For teachers, the most difficult part of their job is managing children’s behavior. While they want to spend their time teaching and passing knowledge along to children, they instead seem to spend their days intervening in arguments, calming out of control children and trying to get others to just stay in their seat for a few minutes. For a teacher, this is frustrating. Many teachers who leave the teaching profession do so because of their frustration with their student’s behavior.
While parents, home environment, too much television, violence in the street, violence on television, video games, and much more are often blamed as the source of a child’s disrespect and lack of manners, placing blame is not an answer to behavioral problems. Often a child, when placed in a well-structured and positive environment will behave as they are expected to. Children, being children, will also attempt to push the line of acceptance as far as it will go. New teachers are tested daily until a child learns what is expected of them and what they can get away with.
Children with ADHD, in particular, have a hard time following rules in class. Not because they want to misbehave, often because they are impulsive, do not have the ability to concentrate for as long as their classmates, and forget easily. But they, like most children, want to please the adults in their life. For parents, there are motivational games to play, to help improve behavior at home. Many of these games can be adapted to a classroom, either as a way to improve the behavior of the entire class or one student in particular. These games are designed to incorporate positive reinforcement as the primary mode of interaction. They are designed to help a child see what they are doing right, instead of focusing on what they are doing wrong.
In addition to the games listed on the site for parents, there are a number motivational games specifically for classroom use.

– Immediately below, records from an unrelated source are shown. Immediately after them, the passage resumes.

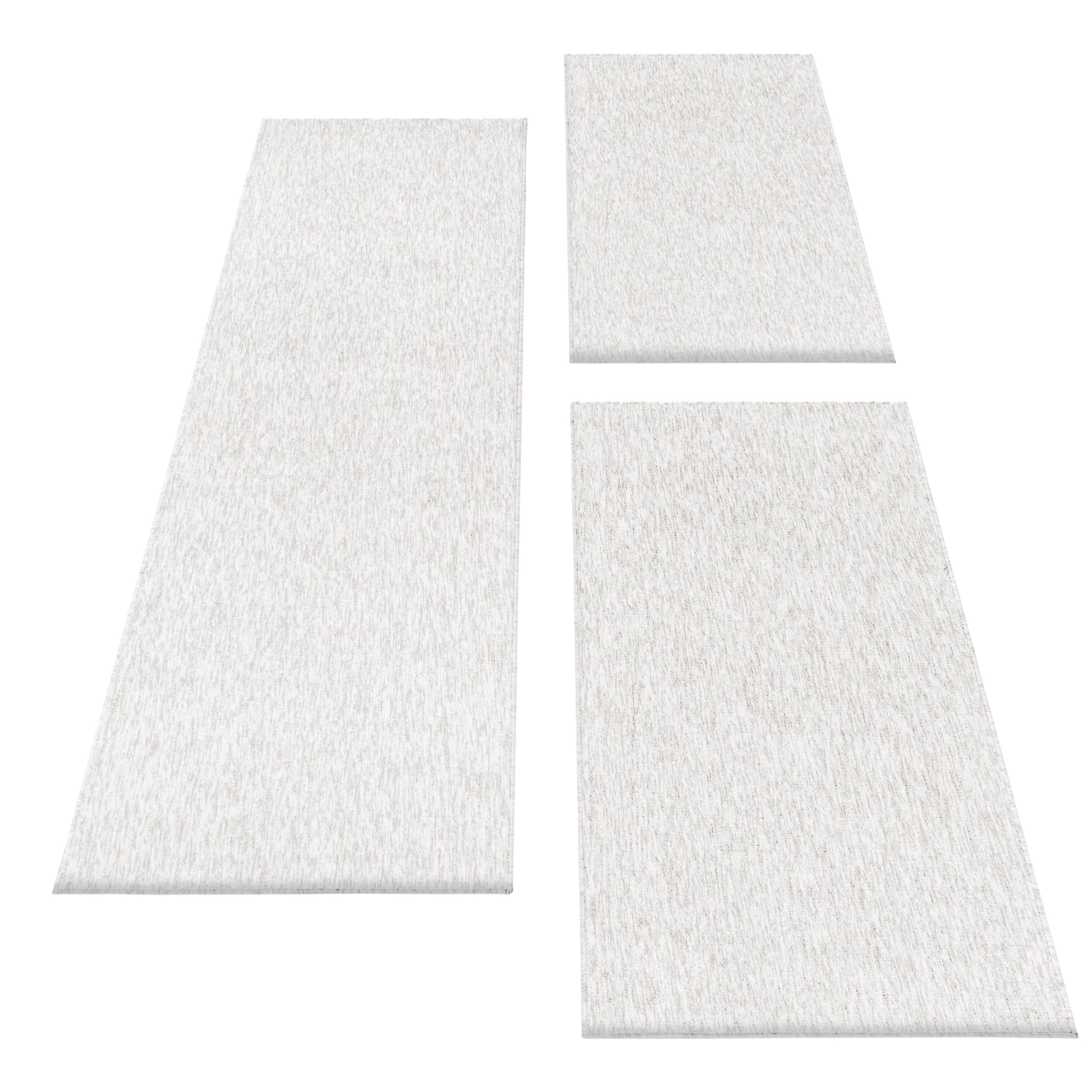 Carpettex Bettumrandung Schlafzimmer 3teilig Kurzflor Teppich Einfarbig Design Creme Bettset:2 mal 80x150 + 1 mal 80x250 - Bettvorleger Schlafzimmer Läufer Set Weicher Bettumrandung Teppich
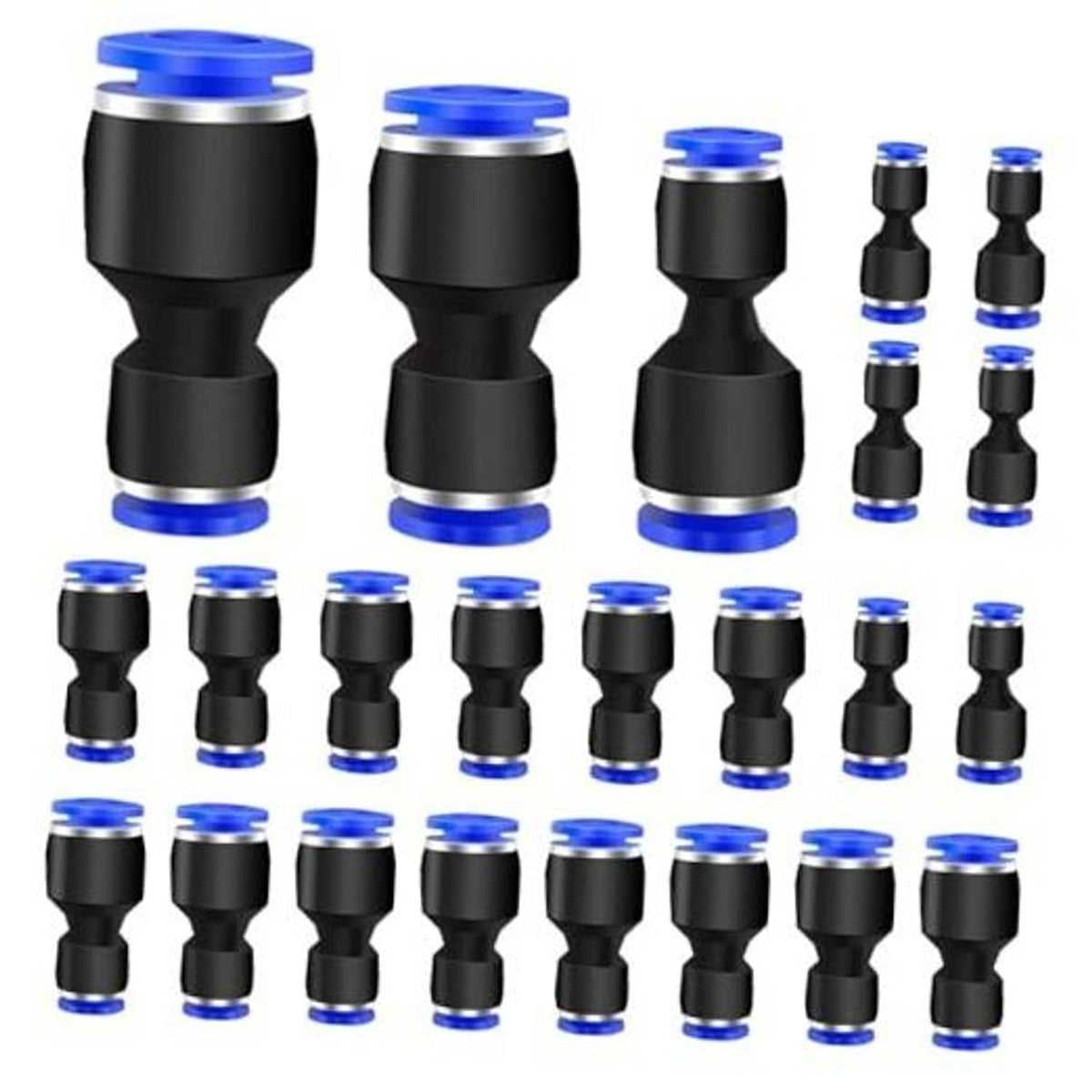 Set of push-to-connect reducer fittings, black body with blue ends, multiple sizes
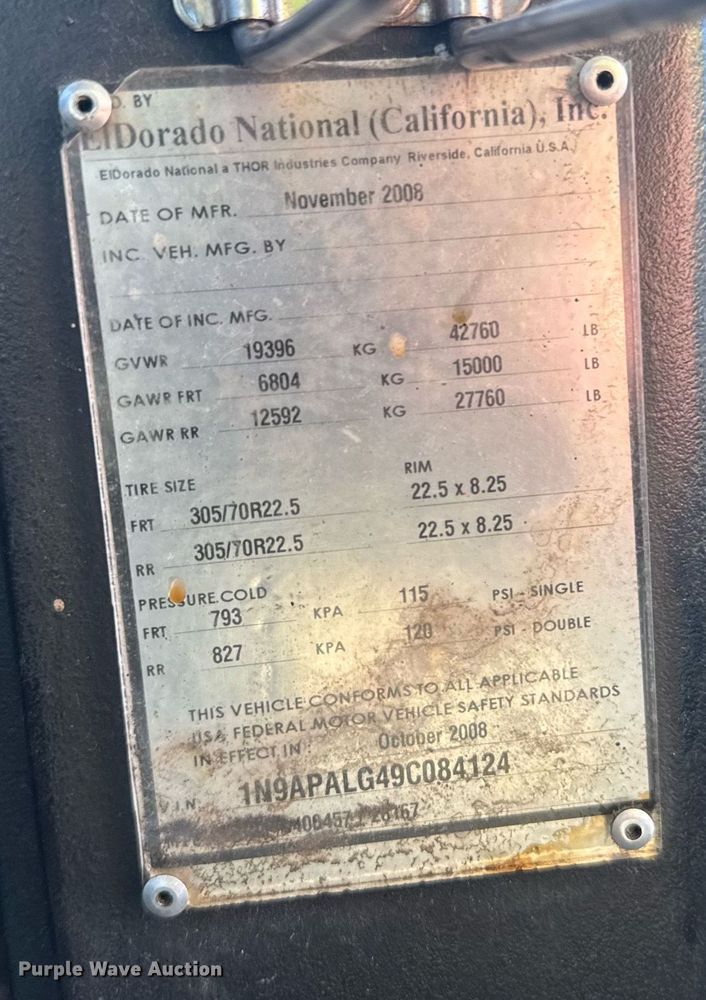 image for item YA0710 2009 ElDorado Axess transit bus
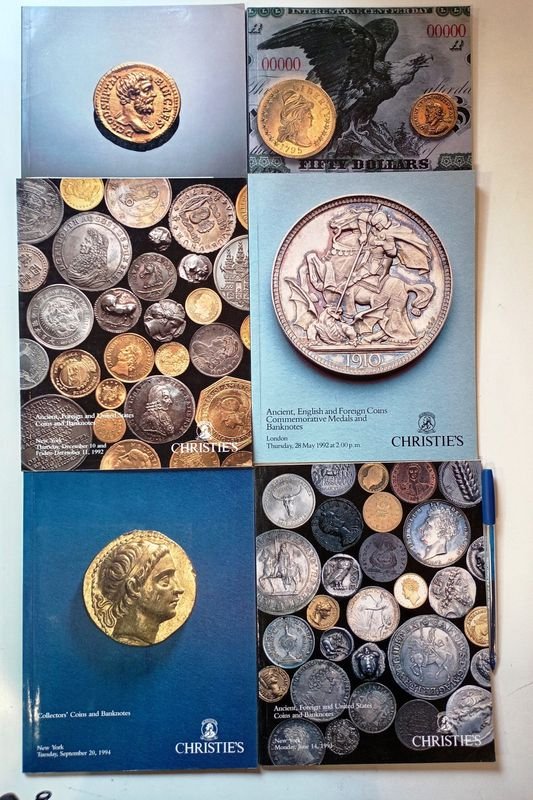 6 Catálogos de Numismática Christie's (Años 90s)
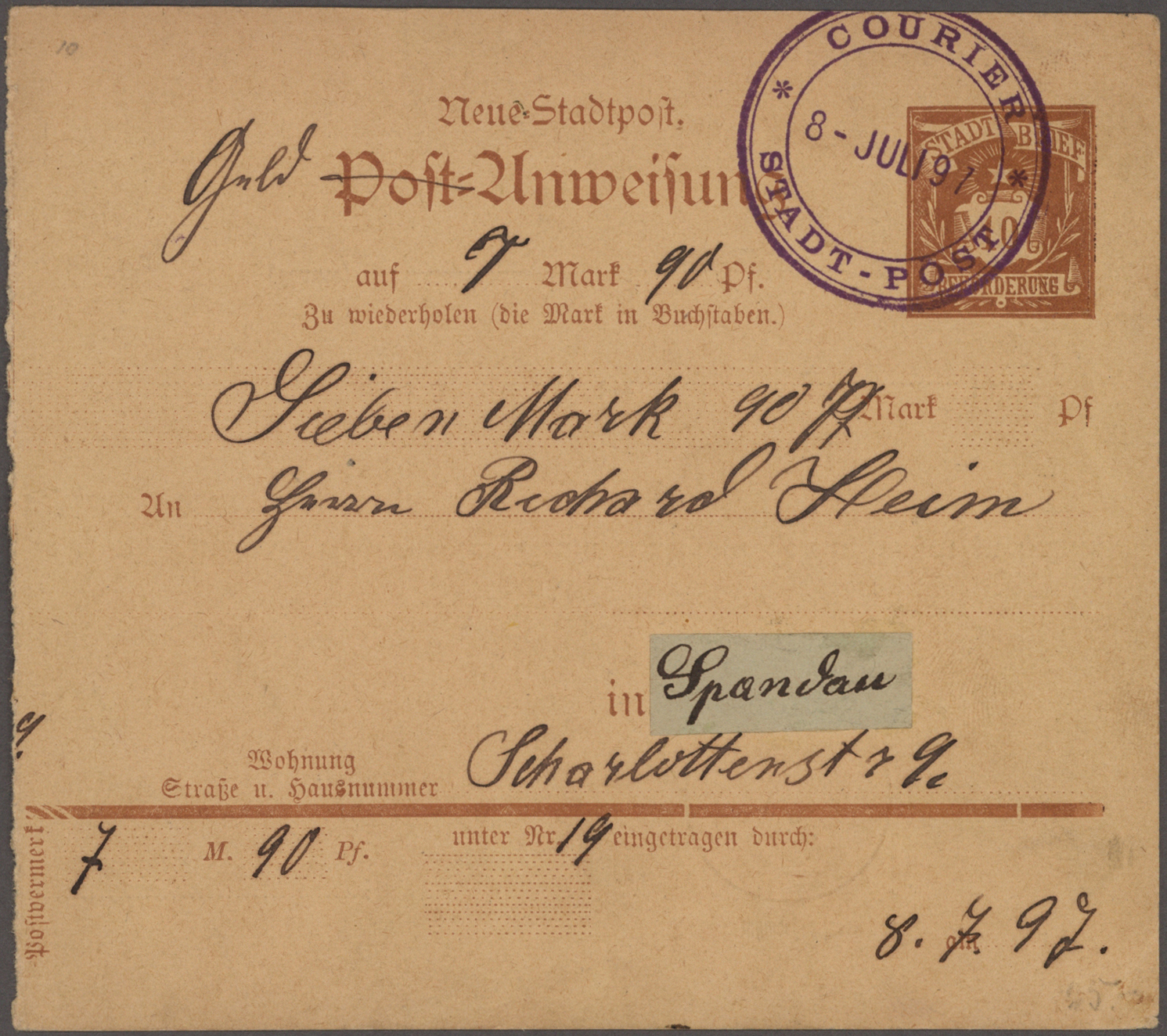 Lot 10463 - Deutsches Reich - Privatpost (Stadtpost)  -  Auktionshaus Christoph Gärtner GmbH & Co. KG 58th AUCTION - Day 3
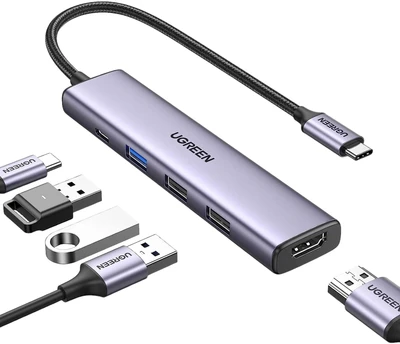 USB-Хаб UGREEN USB Type-C to HDMI USB 3.0*4 Gray (CM478), фото 1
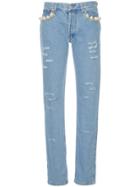 Forte Couture Pearl Embellished Jeans - Blue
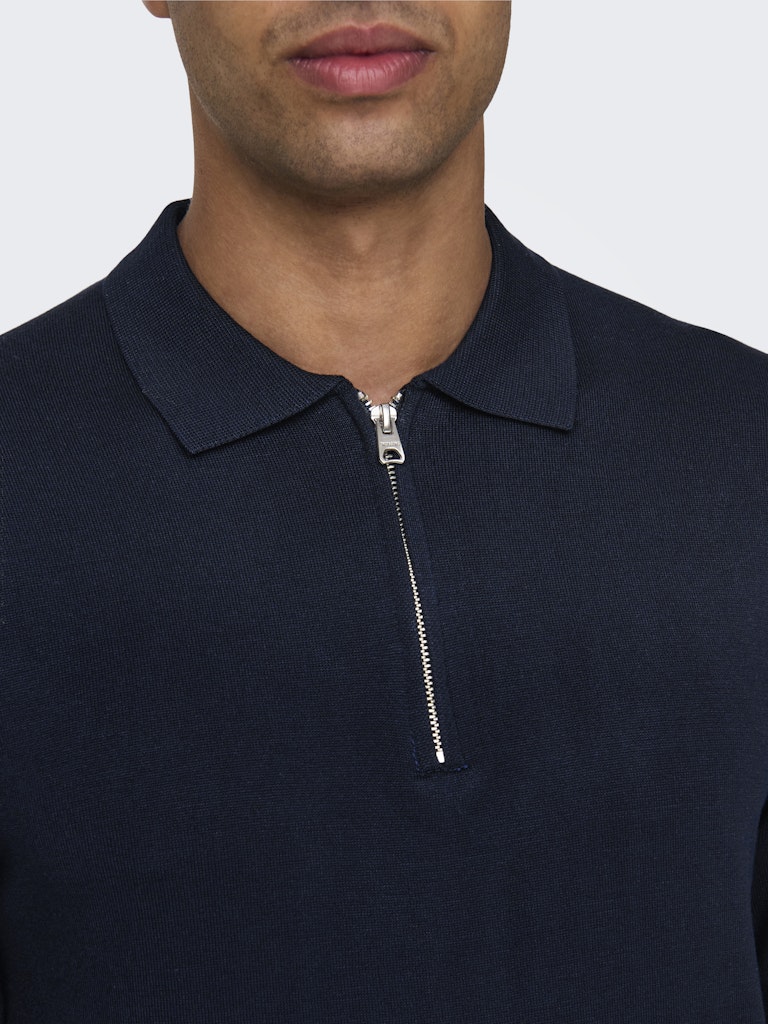 ONSWYLER LIFE REG 14 SS ZIP POLO KNIT - Dark Navy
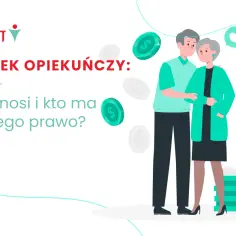 Para starszych osób, monety i tekst "ZASIŁEK OPIEKUŃCZY: ile wynosi i kto ma do niego prawo?".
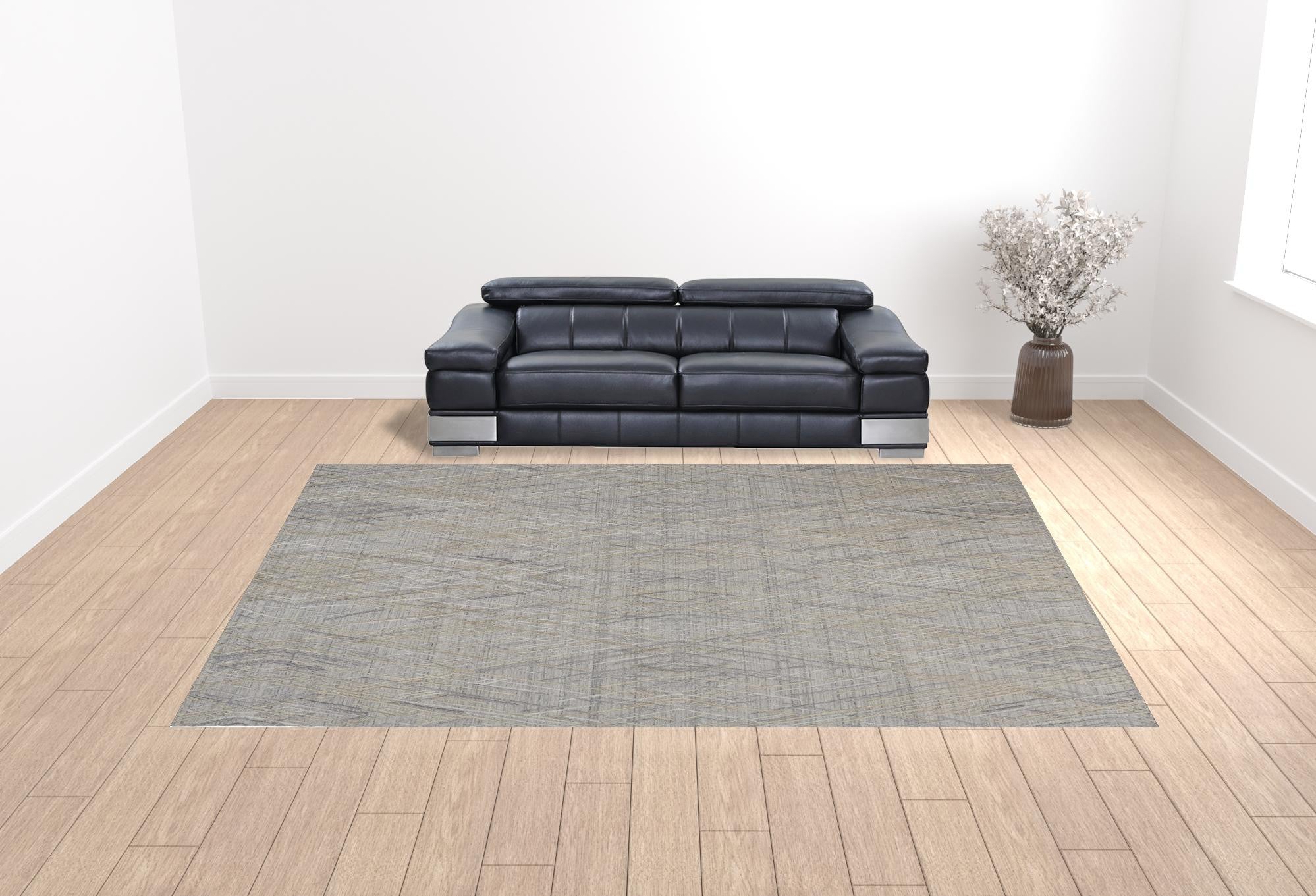 12' X 15' Gray And Ivory Abstract Hand Woven Area Rug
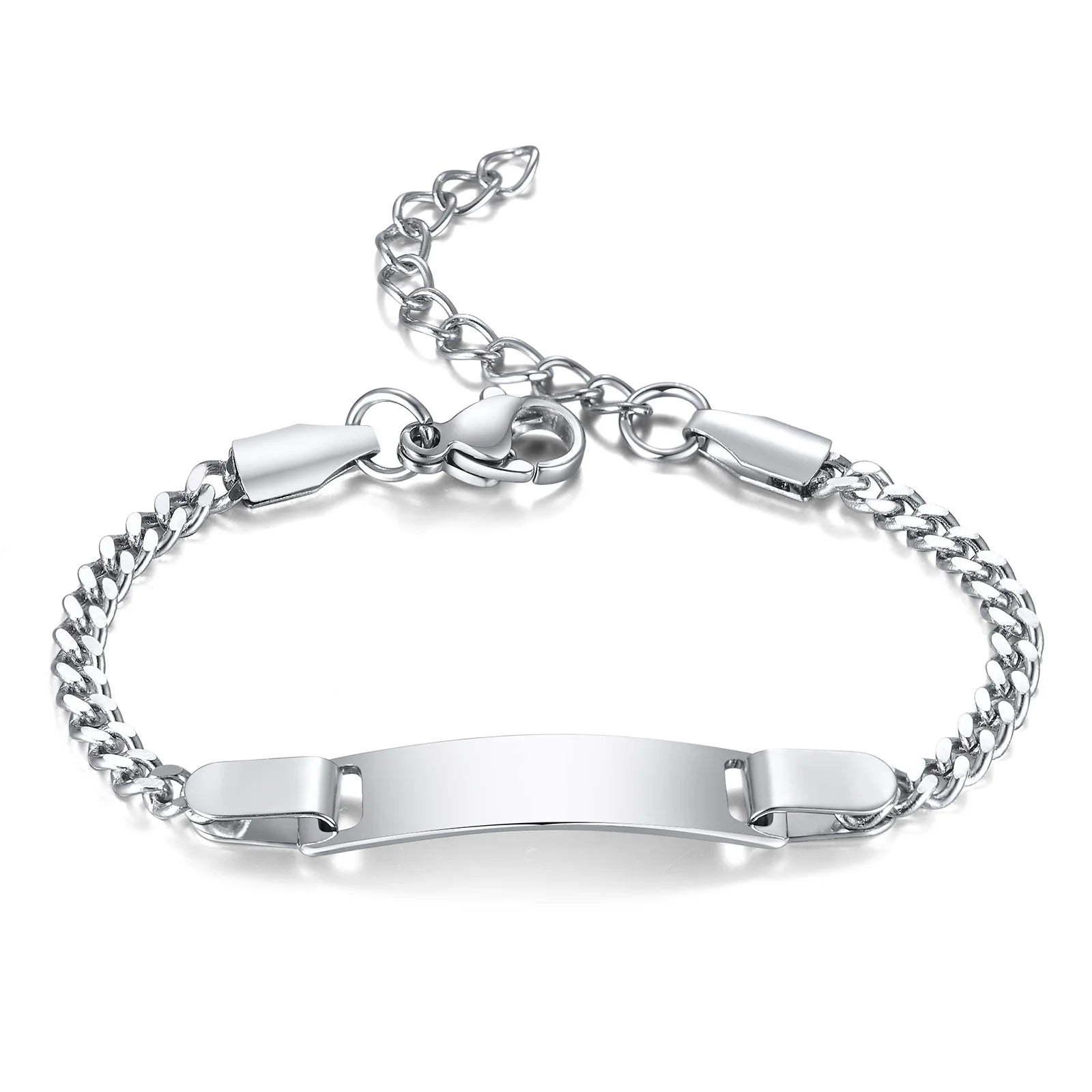 Personalisiertes Armband mit Wunschnamen und Herz, Edelstahl Figaro-Kettenglied verstellbar, graviertes Geschenk für Jungen und Mädchen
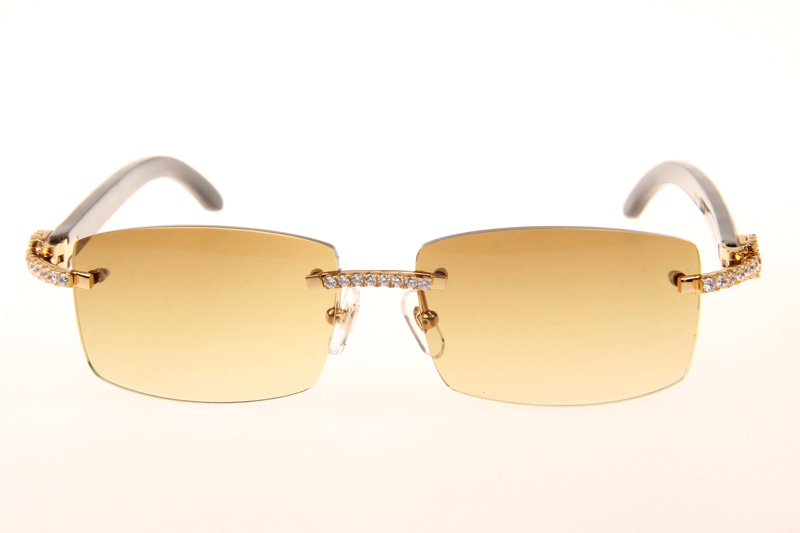 CT 3524012 Big Diamond White Mix Black Buffalo Sunglasses In Gold Brown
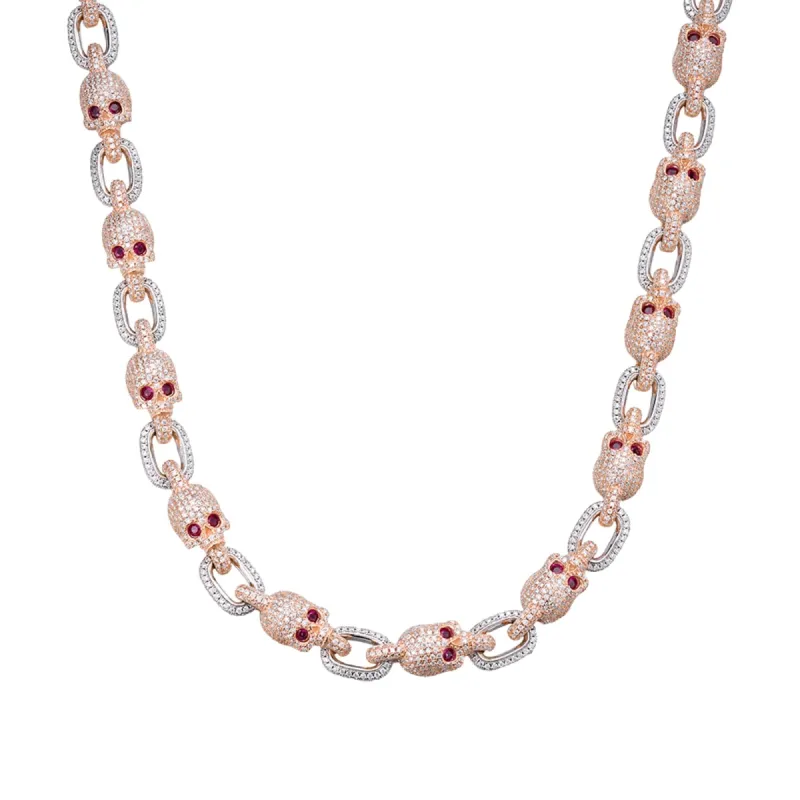 2 Tone Rose Skull Chain Moissanite Necklace sold by Master Of Bling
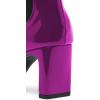 imageFSJ Women Western Square Toe Ankle Boots Chic Thick Mid High Heels Booties Evening Party Shoes with Elastic Size 415 USFuchsia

If you are having a problem with children completing their homework each night, this game can help inspire them. The game can be tailored to suit your purposes. Should they get one ticket for each subject they complete homework for? Should they get one ticket for completing all their homework? As with positive reinforcement programs, you can be more liberal at the beginning of the game, giving tickets for each subject, then, as the weeks go by, taper down to one ticket for completing all homework each night, or have your drawing once a month rather than once a week.